Mas existem vários setores que rejeitam a organização.
O culto ao espontaneísmo é um sintoma de impotência política e uma atitude que reproduz essa impotência. No Brasil atual, o espontaneísmo, no campo popular e progressista, é apanágio do Movimento Passe Livre (MPL). Esse movimento foi vitorioso naquilo que podemos denominar a Revolta da Tarifa, que foi o movimento que desencadeou as manifestações de 2013.
Os governos recuaram no reajuste das tarifas de ônibus, mas também de luz, de pedágio e outras. Ficaram temerosos diante da mobilização popular. Porém, para avançar, inclusive na luta por transporte público acessível e de boa qualidade, é preciso, penso eu, superar esse espontaneísmo. As próprias vitórias parciais como a de 2013 colocam exigências mais complexas para a continuidade da luta.
As empresas de ônibus estão organizadas e os seus interesses estão resguardados em vários níveis e ramos do aparelho Estado. Isso dá força e continuidade na defesa dos interesses dessas empresas. Por isso, a luta popular por transporte requer sua própria organização.
Que pontos de articulação podem existir entre organização social e projetos de sociedade?
Eu penso que é importante distinguir, sem separá-las, a luta reivindicativa da luta pelo poder. Ambas exigem organização, embora a luta pelo poder exija uma organização mais sofisticada.
A luta reivindicativa defende interesses pontuais de um ou mais setores das classes populares: salário, moradia, transporte, educação, saúde etc. Essa luta reúne todos os interessados numa determinada reivindicação, que podem, contudo, estar em desacordo no que tange a outras lutas tão ou mais importantes que aquela que os unifica.
Esse tipo de luta cria organizações específicas: sindicatos, movimento por moradia, movimento estudantil etc. Elas contemplam também setores populares específicos. Esses movimentos são obrigados, queiram ou não, a dirigir-se às autoridades constituídas, reconhecendo, por esse ato, a legitimidade de tais autoridades e são obrigados a negociar com elas. Todas essas lutas visam à melhora das condições de vida das classes populares dentro do sistema capitalista. São importantes e podem obter muitas vitórias, mas não rompem com os limites que esse sistema impõe ao atendimento dos interesses das classes populares.
A luta pelo poder é algo diferente. Para essa luta, as classes populares necessitam de um programa político geral de mudança social ou de um “projeto de sociedade”, como foi formulado na pergunta. Essa é uma luta geral, que envolve todas as classes da sociedade, organizando as classes populares contra as classes dominantes e centrada na luta pelo poder de Estado. É essa luta que é travada pelos partidos políticos.

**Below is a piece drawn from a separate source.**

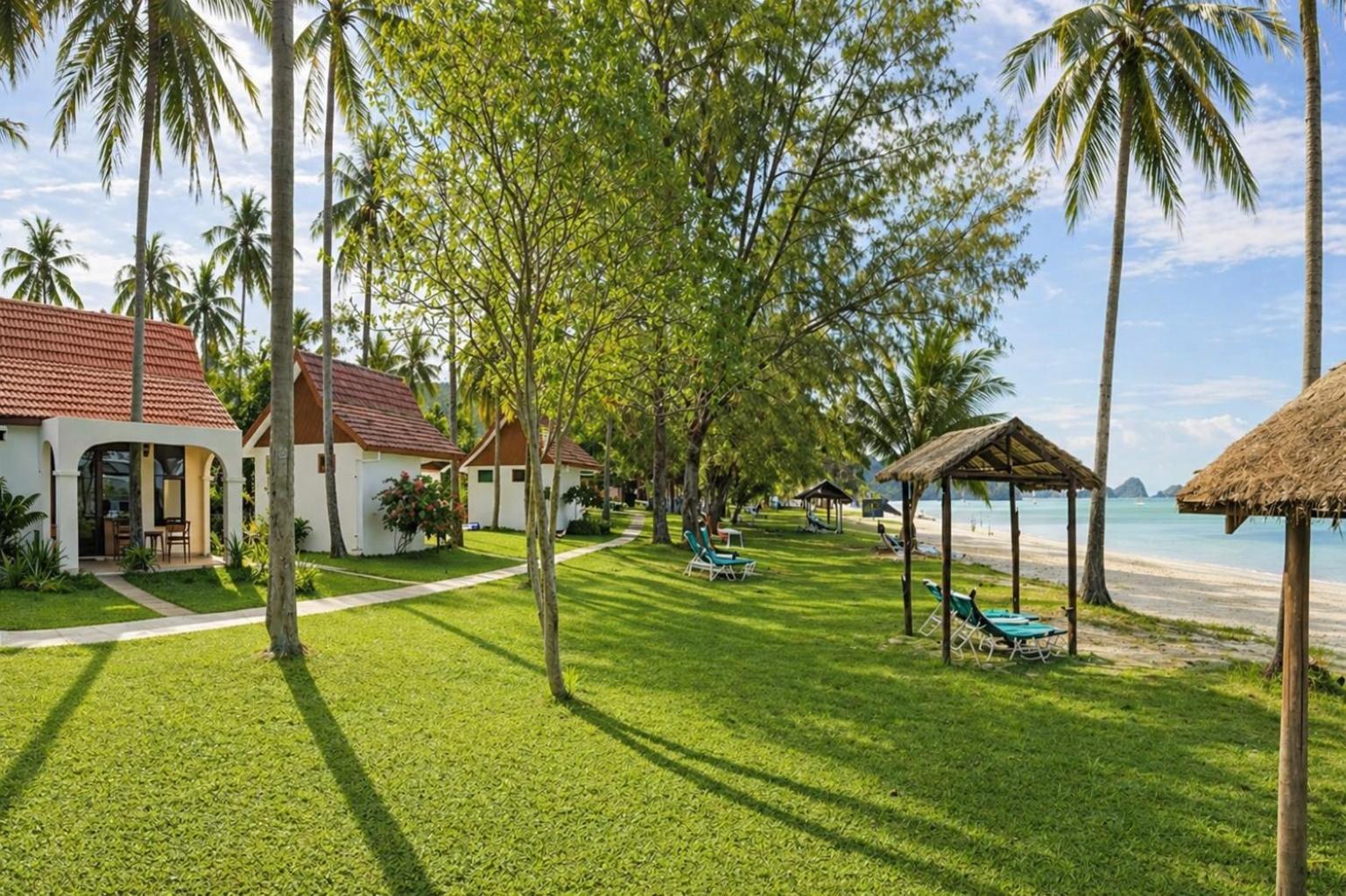 Beach Facing Villa Twin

Os partidos são organizações que elaboram programas que transcendem as reivindicações e setores específicos, procurando unificar o campo popular num projeto de mudança social. Fazem também a luta dentro do sistema, pressionam e podem negociar com as autoridades constituídas. Mas podem, também, lutar pela superação da sociedade existente e para isso necessitam conquistar o poder de Estado.
É certo que um partido operário ou popular não pode se separar da luta reivindicativa. Deve considerar as reivindicações populares na definição e nas necessárias atualizações do seu programa, deve contar com a força das lutas reivindicativas inclusive para avançar na organização política das classes populares. A luta reivindicativa e a luta pelo poder podem se fortalecer mutuamente. Porém, o partido político organiza um tipo de luta, que é a luta pelo poder de Estado, que é distinto da luta reivindicativa.